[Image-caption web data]
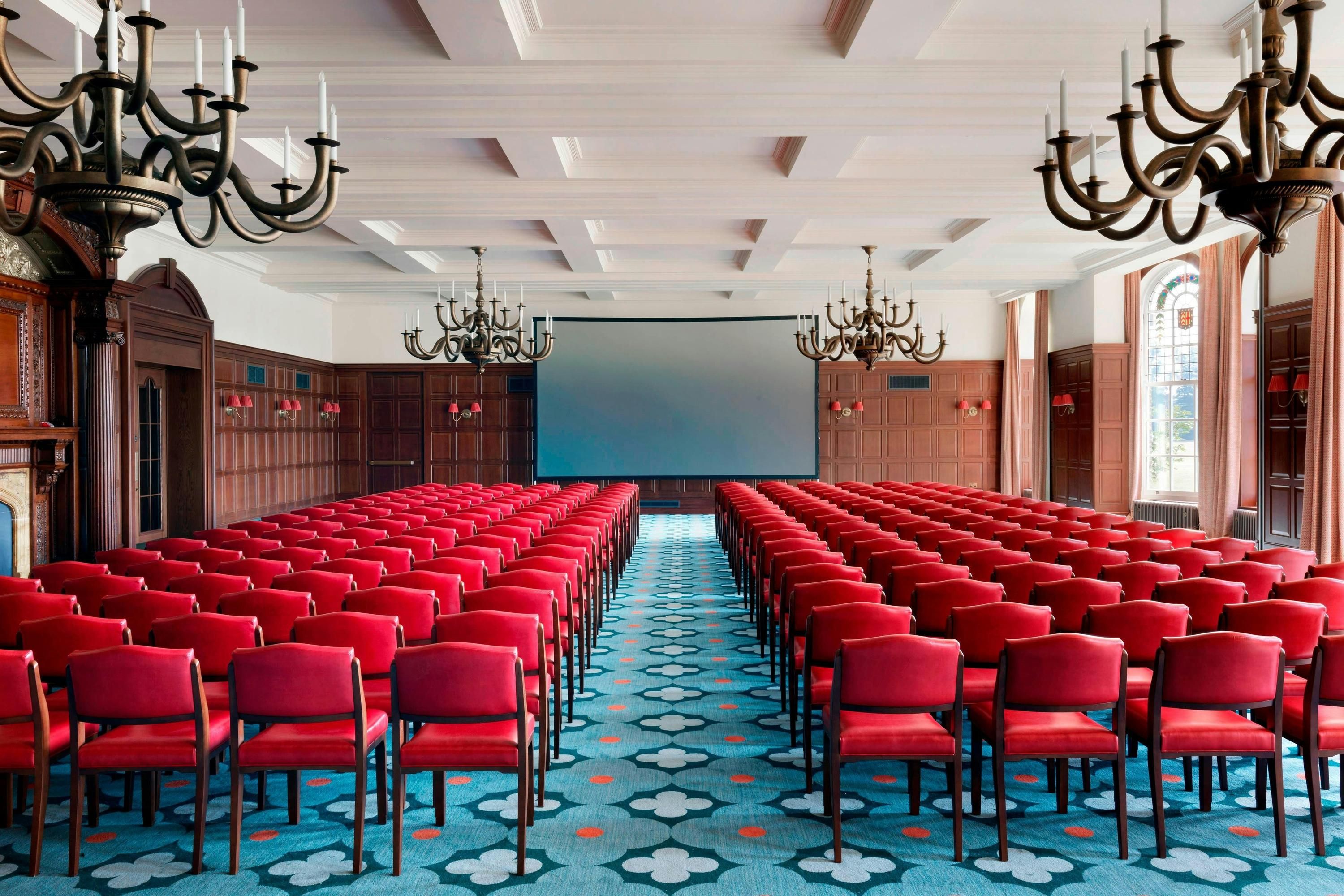 Conference room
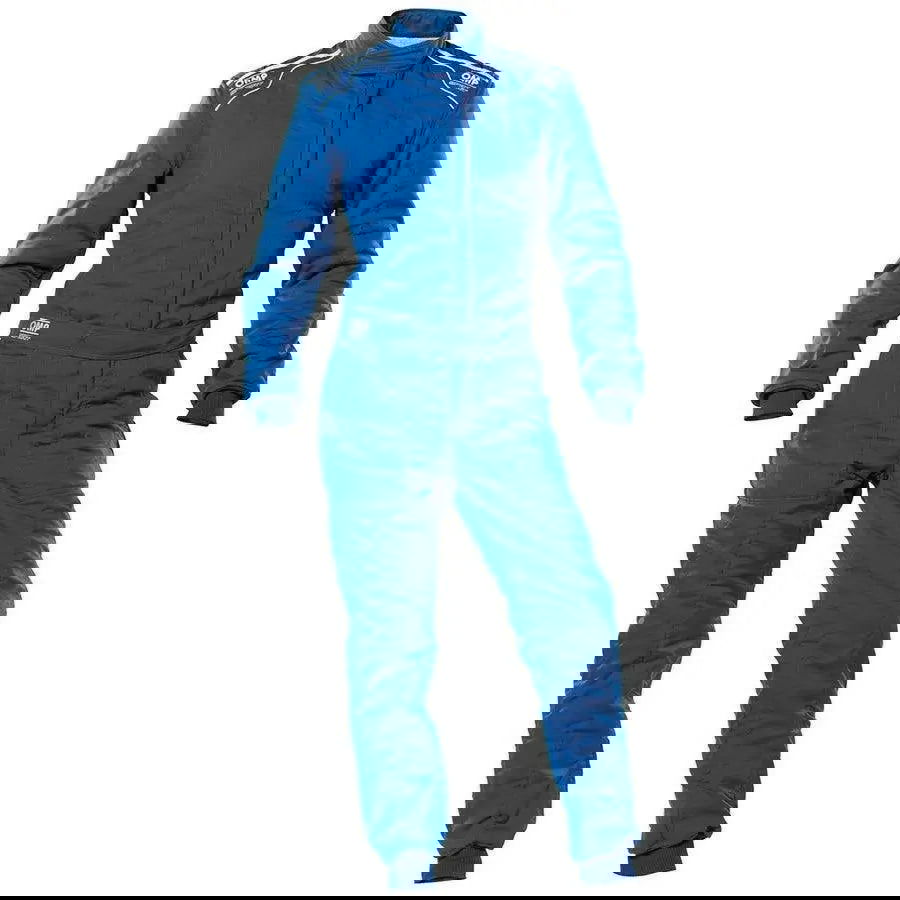 OMP SPORT SUIT - Speedxcrafts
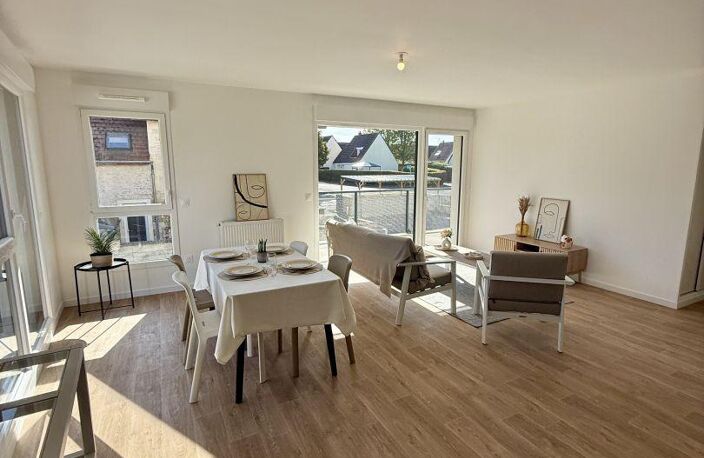 Vente Appartement 4 pièces — photo 4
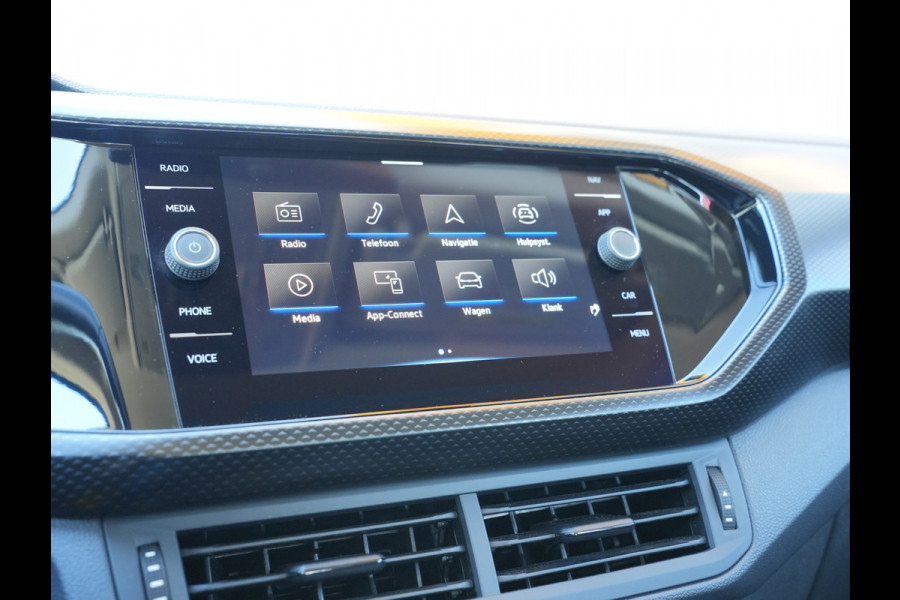 Volkswagen T-Cross 1.0 TSI Life | Cruise control adaptief | Apple Carplay/Android Auto | Achteruitrijcamera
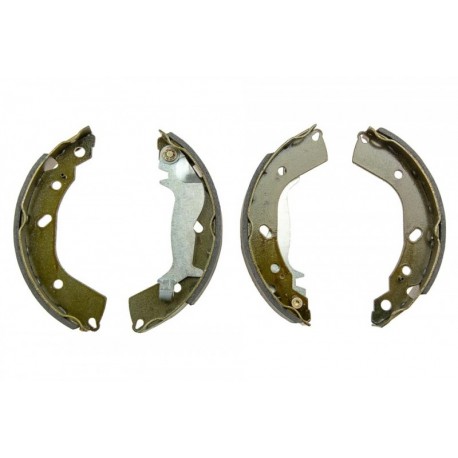 SET SABOȚI FRÂNĂ HYUNDAI GETZ 02- /+ABS/DIAMETER 180MM/ 583051CA10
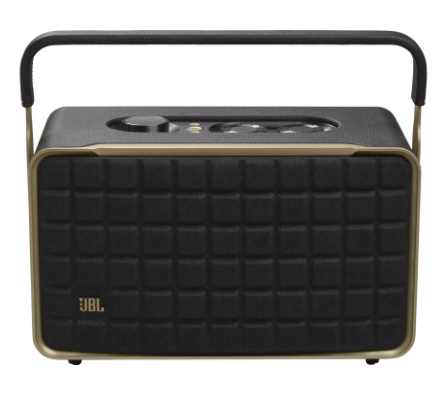 JBL Authentics 300 智能家居無線喇叭 (Wi-Fi 及藍牙連接功能)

- WORK TASK: Copy out the records exactly; the pictures stay behind.

- WRITTEN ANSWER:
 Conference room
 OMP SPORT SUIT - Speedxcrafts
 Vente Appartement 4 pièces — photo 4
 Volkswagen T-Cross 1.0 TSI Life | Cruise control adaptief | Apple Carplay/Android Auto | Achteruitrijcamera
 SET SABOȚI FRÂNĂ HYUNDAI GETZ 02- /+ABS/DIAMETER 180MM/ 583051CA10
 JBL Authentics 300 智能家居無線喇叭 (Wi-Fi 及藍牙連接功能)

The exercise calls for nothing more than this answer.